Культуры распахнутой общности, противостоящей любым энергиям распада, раздора, разъединения.
«Шла пехота народа, который веками мятежно гремел, добывая себе и другим свободу и не отрекаясь от нее ни на плахе, ни на костре. Шли праправнуки Степана Разина и Пугачева, шли потомки декабристов, шли братья Коммуны, шли люди, которые в огромной истории своей пережили и поражения, для того чтобы больше их не знать. Шел здоровый народ, народ-страстотерпец, народ-победитель, великий и гениальный» — это уже строки из произведения Всеволода Вишневского «Мы, русский народ». В них стиль и почерк древнерусских книжников, воинов и подвижников, их живое дыхание. Этот инстинкт всегда неизбывен, он характерен для книжников Древней Руси, писателей отечественного Золотого века, советского периода.
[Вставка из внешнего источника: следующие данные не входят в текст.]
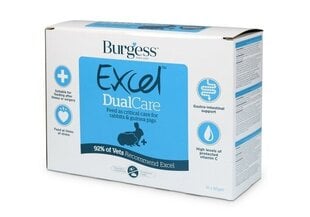 BURGESS EXCEL PAPILDBARĪBA TRUŠIEM UN JŪRASCŪCIŅĀM DUALCARE 60G N10 цена и информация | Корм для грызунов | 220.lv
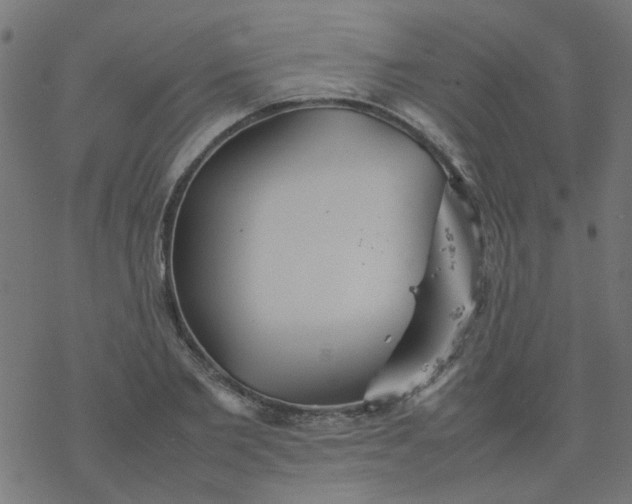 X0000077360885200611031843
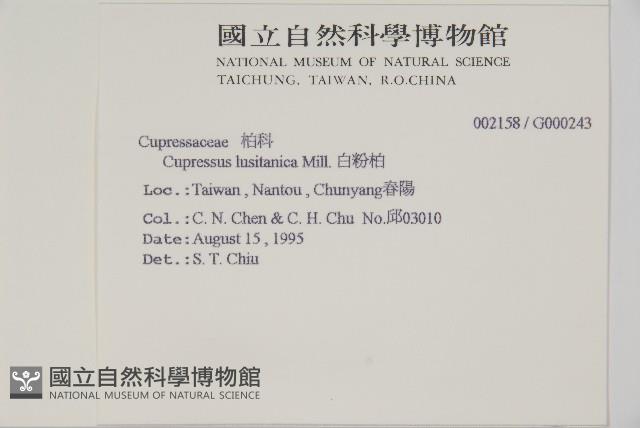 白粉柏藏品圖，第2張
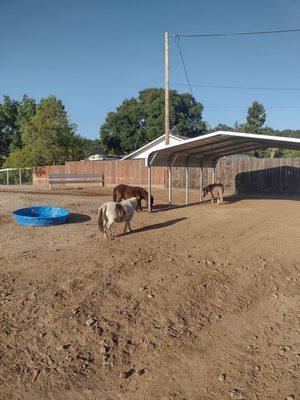 Curious ponies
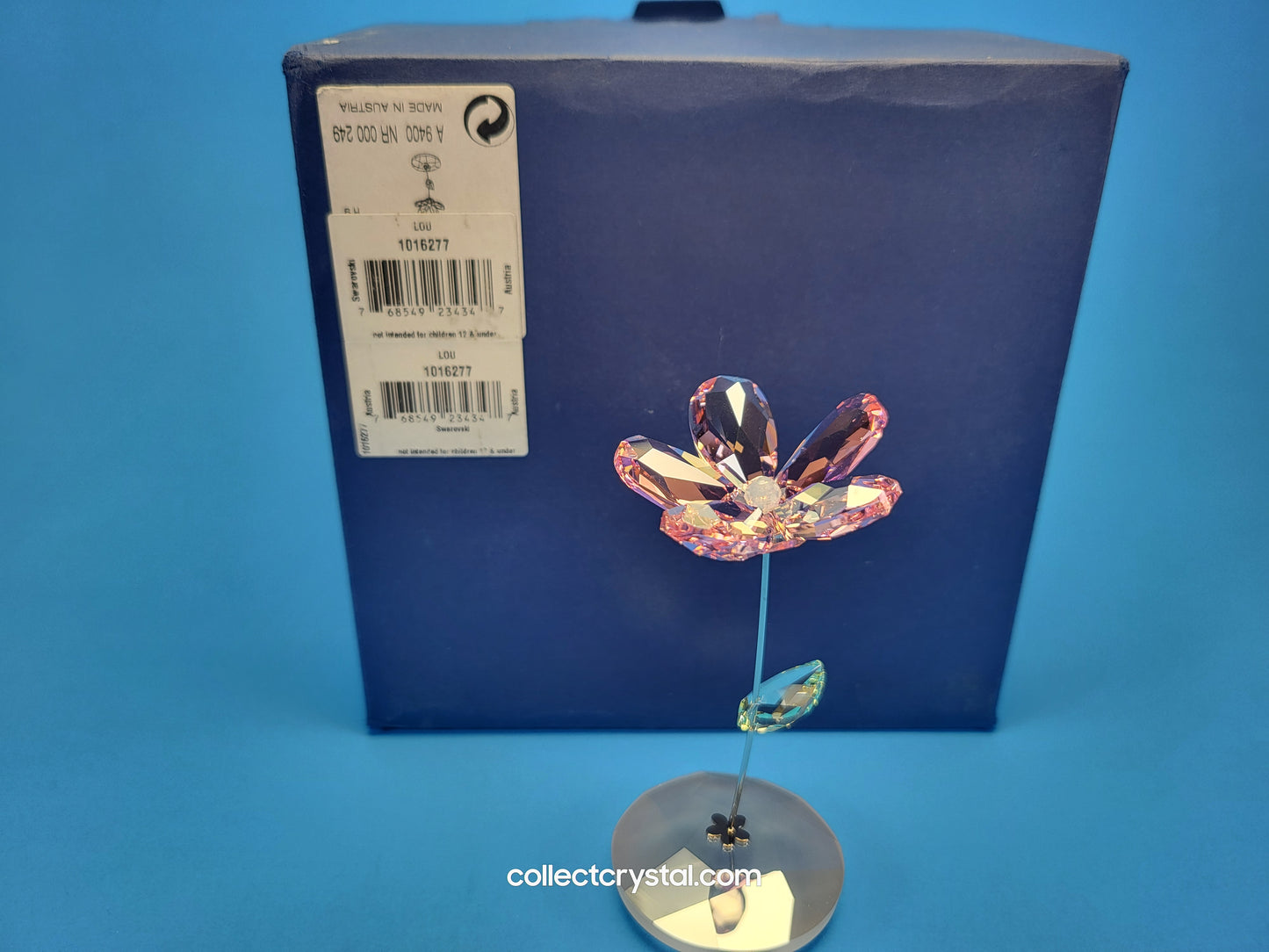 ROCKING FLOWER – LOU ROSE 1016277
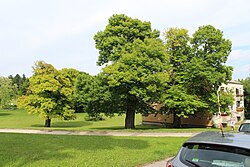 4 Edelkastanien (Castanea sativa)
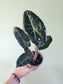 Alocasia 'Pink Dragon' 4"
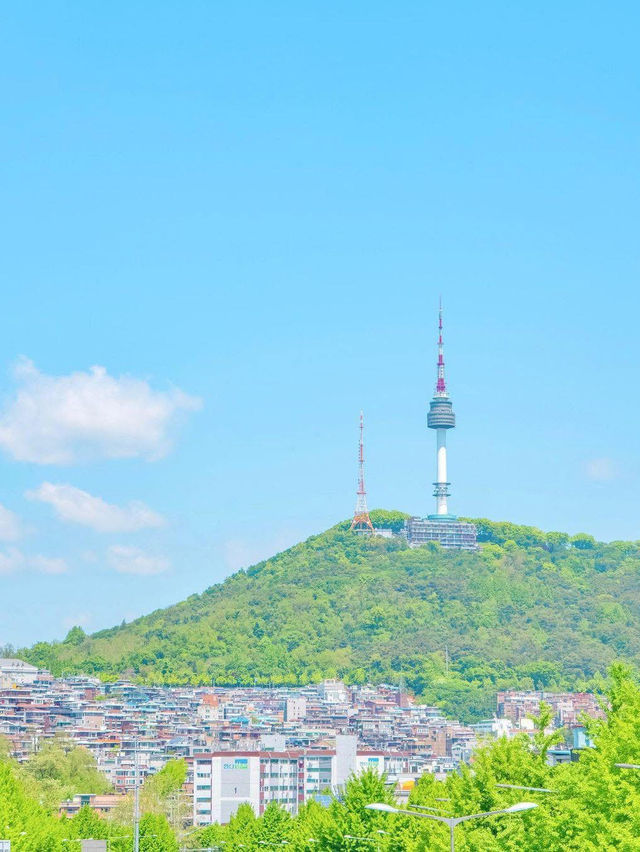 Seoul searching: found good food, kind 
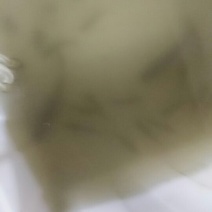 正宗土鲫鱼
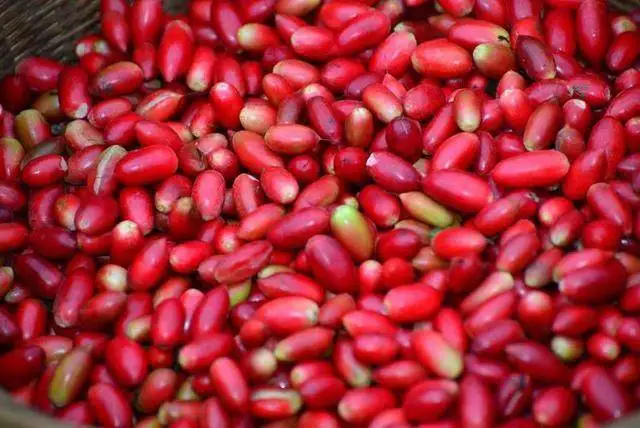 Farm Factory Wholesale Miracle Berry Extract Miracle Fruit Customization Available Freeze-dried Miracle Fruit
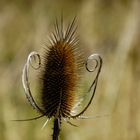 Wilde Karde (Dipsacus fullonum)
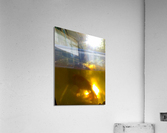 artifact4 Acrylic Print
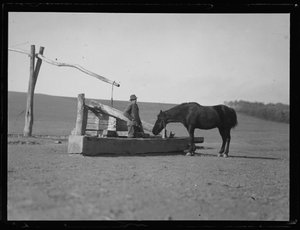 Pferd an der Wasserstelle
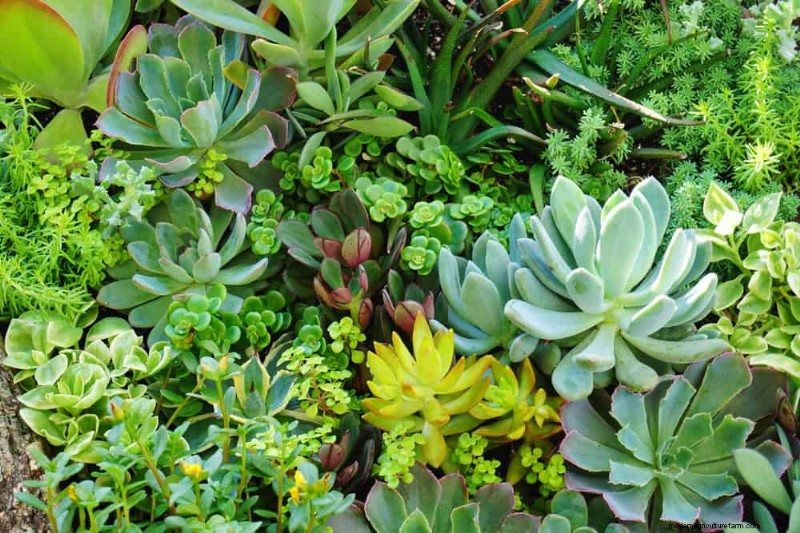 23 Natural Backyard Privacy Ideas to Enhance Your Landscape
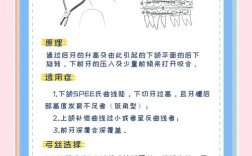正畸摇椅弓弯制方法具体步骤是怎样的？技巧与要点解析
Проявляется он и сейчас, о нем во всеуслышание заявляет Захар Прилепин.
В этой связи важен и вопрос героев. Сейчас в силу торжествующих буржуазных реалий обществу навязываются весьма сомнительные персонажи. Не будем тут трогать императора Николая Второго, но, к примеру, Колчак, Маннергейм или Мария Бочкарева, про которую был снят фильм «Батальон»… Зачем выстраивать исторические качели, когда есть всамделишные герои, которые, если хотите, могли бы объединить общество. Захар Прилепин о некоторых из них рассказал в первом томе своего исследования. Берите Дениса Давыдова, Чаадаева, Раевского, Бестужева-Марлинского. Вот о ком нужно писать книги, снимать фильмы, максимально пропагандировать их отношение к таким понятиям как долг, Отчизна. Для них огромная Россия становилась сконцентрированным «скученным селением», где живут ближние, родня.
Еще одно из важнейших посланий прилепинского «Взвода»: неверие власти в свой народ. Из-за этого и возникают многие проблемы и исторические катаклизмы. Необходимо понять и осознать аксиому: у России один союзник — ее народ.
«Равнение на солнце. Время оставить Бронзовый век и возвращаться в Золотой» — этими словами Прилепин завершает свою книгу и открывает неразрывную культурную связь отечественной цивилизации.